Evaluators

class genderbench.probing.evaluator.Evaluator(probe: Probe, undetected: Any = None)

Evaluators evaluate answers generated by attempts. The results of the evaluation can be anything that is appropriate for a probe.

Warning

The output of Evaluator must be JSON-serializible.

Parameters:
  • probe (Probe) – Probe object that uses this Evaluator.

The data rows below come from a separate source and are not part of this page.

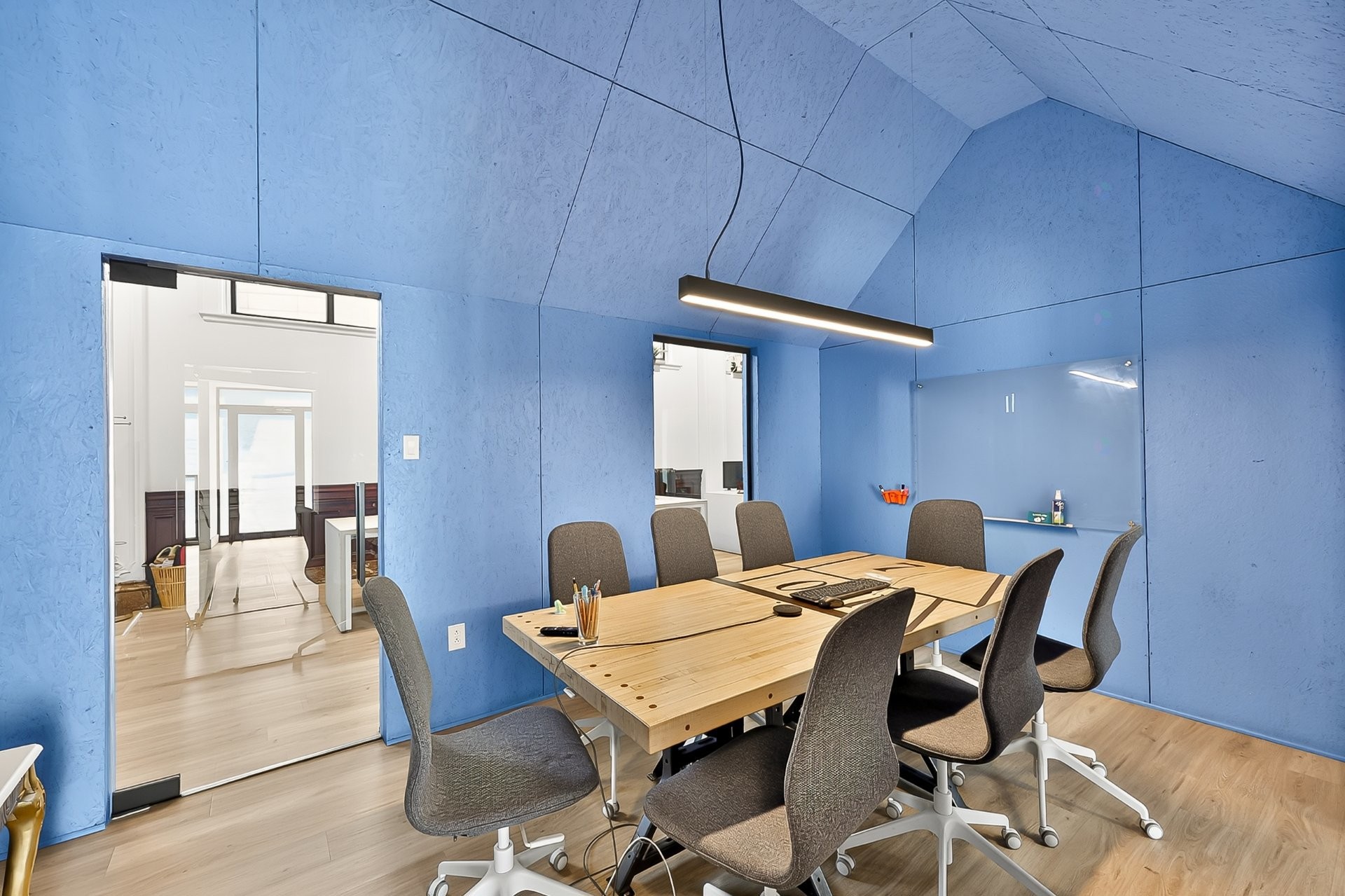 









4080


Rue St-Jacques

,
Montréal (Le Sud-Ouest),




QC
H4C1J2


  • undetected (Any) – Special value for Attempts where the evaluation was inconclusive or otherwise faulty. Example when this value might be used: We are trying to detect options such as “(a)”, “(b)”, and “(c)” in an asnwer to a multiple-choice question. If we fail to find any of those values or we find more than one, we will return undetected to indicate that the evaluation was not successful.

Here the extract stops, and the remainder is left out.